Axial-Flux PMSMs: Detailed 50 kW design
In the ALPHEUS project, the efficiency of the full system is important. Therefore, in WP3, Axial-Flux Permanent Magnet Synchronous Machines (AF-PMSMs) is designed for the full 10 MW design. To validate this design, two ~33 kW AF-PMSMs are designed and developed at Ghent University.
Axial-Flux PMSMs (AF-PMSMs) have a high efficiency, power density and high diameter-to-length ratio. By using a double rotor Yokeless and Segmented Armature (YASA) topology, the predominantly axial magnetic flux path averts the stator yoke, further reducing iron losses and weight. Further efficiency improvements are made by using grain-oriented electrical steel, segmented rotor magnets and concentrated stator windings.
First, the electromagnetic design is performed. The results are shown in in the table below. Note that the number of magnet poles does not match the number of stator teeth. Although this reduces the power of the machine, this is done to limit the cogging torque and torque ripple effect.
Next, the mechanical design is studied. In the figure below, the full AF-PMSM design is showed in an exploded view. First, the stator is designed. As mentioned, the stator teeth are made of grain-oriented electrical steel. This type of steel exhibits lower magnetic losses in one direction. Because of the unidirectional flux path in this double rotor AF-PMSM, this decreases iron losses. Furthermore, the trapezoidal stator teeth are formed by using small lamella (thickness 0.2 mm), as this drastically reduces eddy currents, again increasing efficiency.

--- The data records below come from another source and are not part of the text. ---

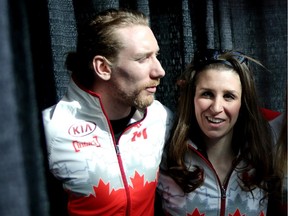 Team Canada speed skaters Ted-Jan Bloeman, left and Ivanie Blondin pose during a press conference in advance of this weekends world all-round championships at the Olympic Oval. Bloemen will be racing for Canada for the first time at a world championship.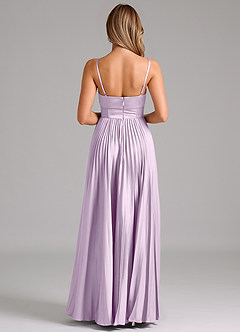 Azazie Tyla Bridesmaid Dresses Frosted Lilac A-Line Sweetheart Neckline Stretch Satin Dress image2
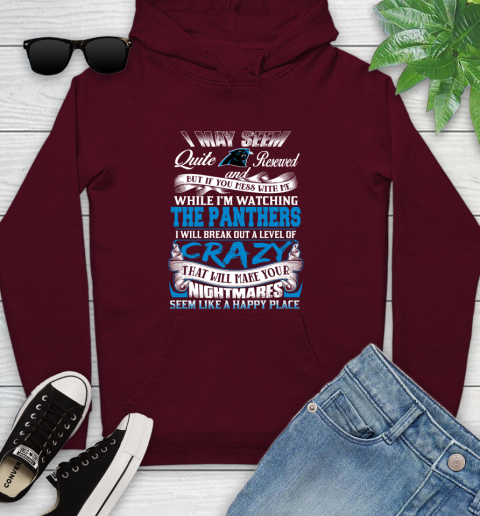 Carolina Panthers NFL Football Don't Mess With Me While I'm Watching My Team Youth Hoodie 7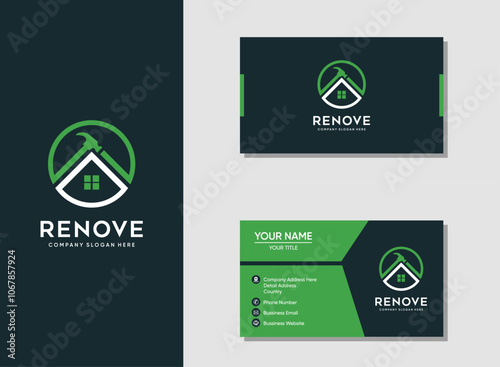 Home renovation logo, home repair, and building concept logo design template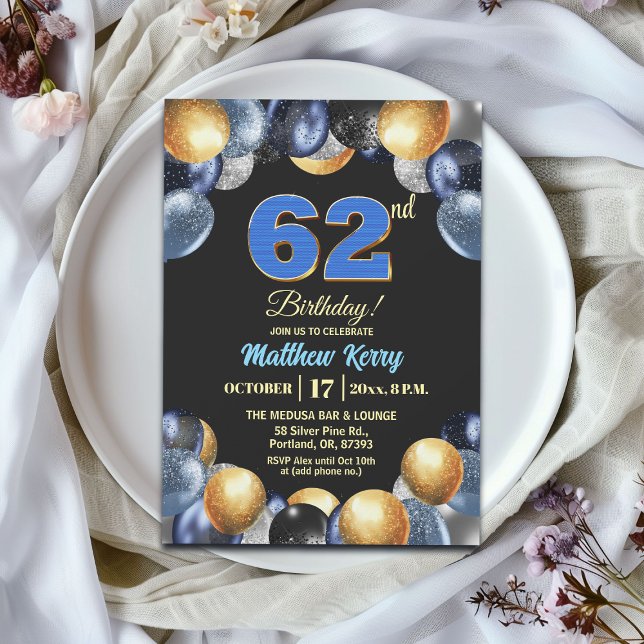Invitación Fiesta de cumpleaños número 62 elegante azul plata (Subido por el creador)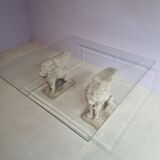 Lion stone pillar coffee table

As all stator teeth are in parallel, the current through each stator winding is 6 A. To reach the number of stator windings ( = 135) inside the limited space, a conductor section of 1 mm² is chosen. This results in a resistance of 0.422 Ω per stator teeth and a total of 365 W Joule losses in the stator windings (~1 % efficiency loss). To account for the heat produced because of these losses, internal cooling fins are placed between the stator teeth. These cooling fins direct the heat transfer towards the stator housing.
Next, a stainless steel (nonmagnetic) stator core is designed to house the bearings. The stator housing encompasses the stator teeth and is connected to an aluminium foot and support in order to secure the machine. To connect the stator teeth to the power electronics, they are connected to four busbars (3 phases and one neutral starpoint), which are housed in an insulating collector.
Finally, the rotor is designed. To transfer the radial and axial loads of the inner shaft to the stator, two deep groove ball bearings are used. Next, the magnets are glued to the rotor discs, to form the magnet assembly. As mentioned before, the magnets are segmented into 5 smaller magnets to limit eddy currents and increase efficiency. Note that the magnet assembly is not directly bolted to the inner shaft. Instead, first a ‘Lock’ is bolted to the inner shaft with a central M12 bolt. The reason is twofold: 1) The lock is used to preload the inner ring of the bearings, so that no tolerance exists during operation. 2) Due to the narrow air gap (1 mm), a direct connection would result in a divergence of this air gap, as steel components are always produced with a certain tolerance or error. Therefore, the magnet assembly can be positioned axially by a setting screw. After the exact air gap is reached, four fitting bolts are used to transfer the radial loads and torque.